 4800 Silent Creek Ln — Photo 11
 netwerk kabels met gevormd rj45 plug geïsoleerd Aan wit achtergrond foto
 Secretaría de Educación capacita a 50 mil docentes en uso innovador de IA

----------------

EXERCISE INSTRUCTIONS: Return the data in full, with each line kept exactly as it is.

WRITTEN SOLUTION:
 4800 Silent Creek Ln — Photo 11
 netwerk kabels met gevormd rj45 plug geïsoleerd Aan wit achtergrond foto
 Secretaría de Educación capacita a 50 mil docentes en uso innovador de IA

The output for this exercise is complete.